→ ASSIGNMENT
Give again, word for word, every line below from the one that has "AR3007 Rotor, generátor" through the one that has "Placa madre Yanyang", both included, and no others.

→ DATA FOR THIS TASK

=== Begin Enclosure ===

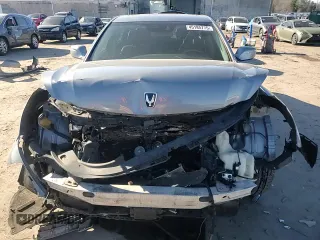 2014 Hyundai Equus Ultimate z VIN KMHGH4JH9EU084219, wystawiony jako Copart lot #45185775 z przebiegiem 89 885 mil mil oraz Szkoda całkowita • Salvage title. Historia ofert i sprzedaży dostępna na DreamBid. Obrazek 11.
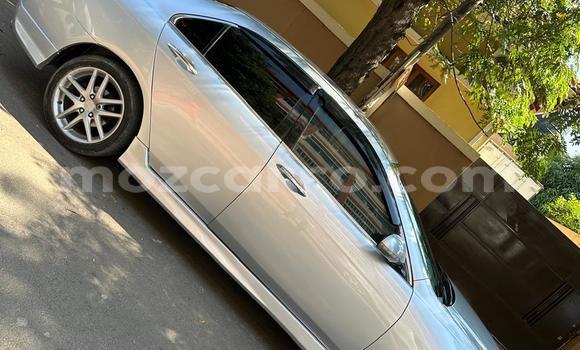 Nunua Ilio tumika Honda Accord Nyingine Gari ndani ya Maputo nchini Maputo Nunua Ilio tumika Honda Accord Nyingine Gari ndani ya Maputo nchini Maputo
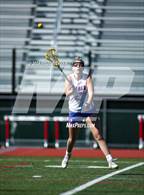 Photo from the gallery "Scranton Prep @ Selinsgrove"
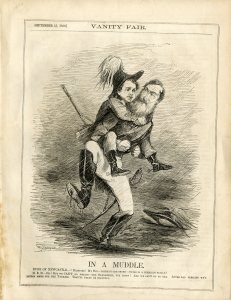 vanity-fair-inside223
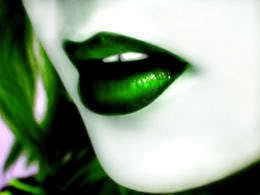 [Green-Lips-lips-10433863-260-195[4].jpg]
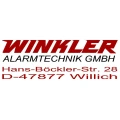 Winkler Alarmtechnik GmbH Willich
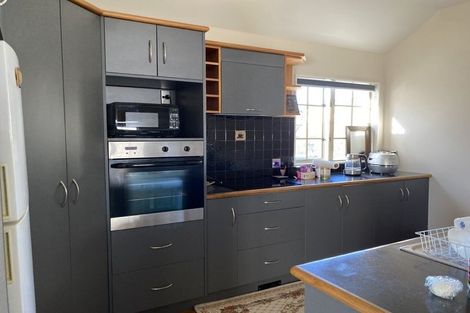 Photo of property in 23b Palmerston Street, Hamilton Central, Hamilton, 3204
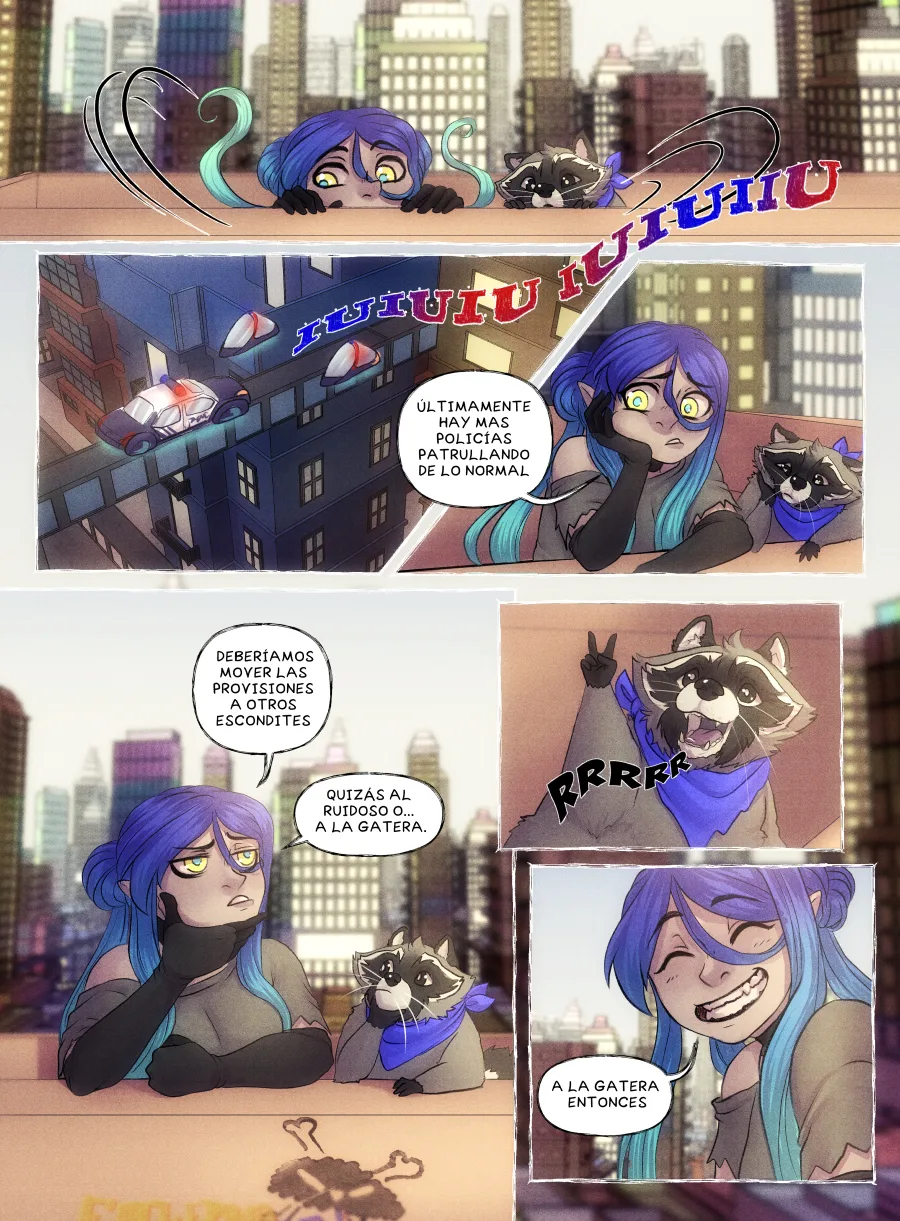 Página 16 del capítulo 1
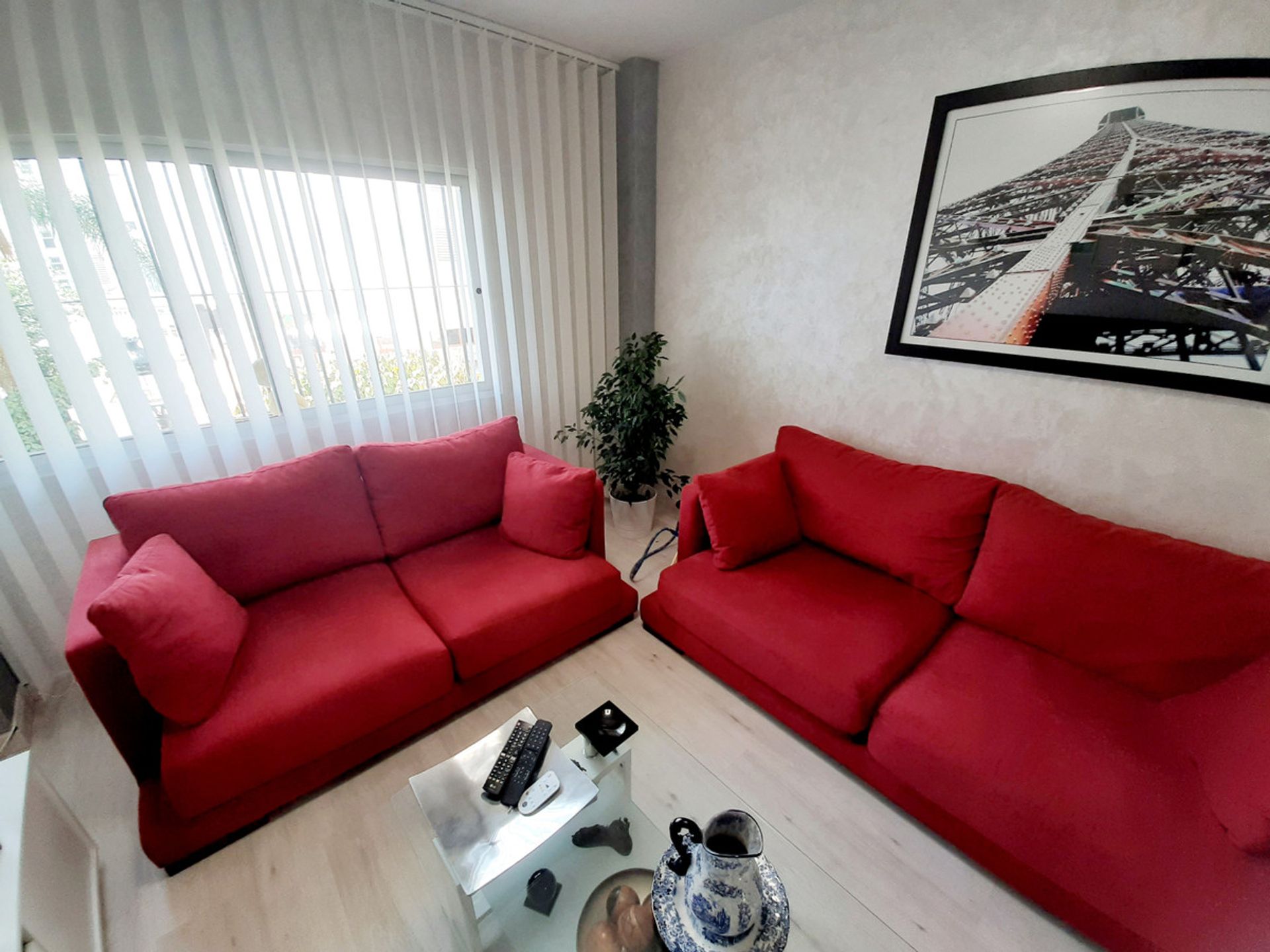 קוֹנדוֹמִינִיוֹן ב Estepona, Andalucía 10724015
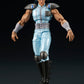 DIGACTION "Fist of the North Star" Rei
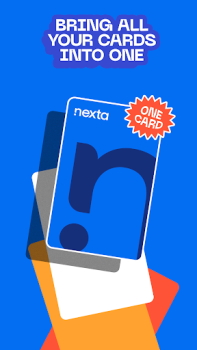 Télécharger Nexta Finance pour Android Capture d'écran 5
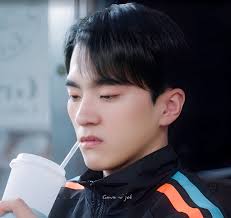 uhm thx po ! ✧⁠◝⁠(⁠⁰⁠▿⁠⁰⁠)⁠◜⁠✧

=== End Enclosure ===
=== Begin Enclosure ===

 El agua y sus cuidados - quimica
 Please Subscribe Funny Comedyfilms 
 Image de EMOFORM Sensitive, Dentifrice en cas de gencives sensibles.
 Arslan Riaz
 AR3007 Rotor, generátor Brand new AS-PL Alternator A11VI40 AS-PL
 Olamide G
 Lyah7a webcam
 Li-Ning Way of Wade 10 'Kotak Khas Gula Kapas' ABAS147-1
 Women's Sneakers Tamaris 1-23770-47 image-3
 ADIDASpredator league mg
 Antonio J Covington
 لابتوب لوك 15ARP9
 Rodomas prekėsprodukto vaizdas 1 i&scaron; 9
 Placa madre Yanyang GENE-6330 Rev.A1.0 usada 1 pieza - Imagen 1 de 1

=== End Enclosure ===

→ TASK RESULT
 AR3007 Rotor, generátor Brand new AS-PL Alternator A11VI40 AS-PL
 Olamide G
 Lyah7a webcam
 Li-Ning Way of Wade 10 'Kotak Khas Gula Kapas' ABAS147-1
 Women's Sneakers Tamaris 1-23770-47 image-3
 ADIDASpredator league mg
 Antonio J Covington
 لابتوب لوك 15ARP9
 Rodomas prekėsprodukto vaizdas 1 i&scaron; 9
 Placa madre Yanyang GENE-6330 Rev.A1.0 usada 1 pieza - Imagen 1 de 1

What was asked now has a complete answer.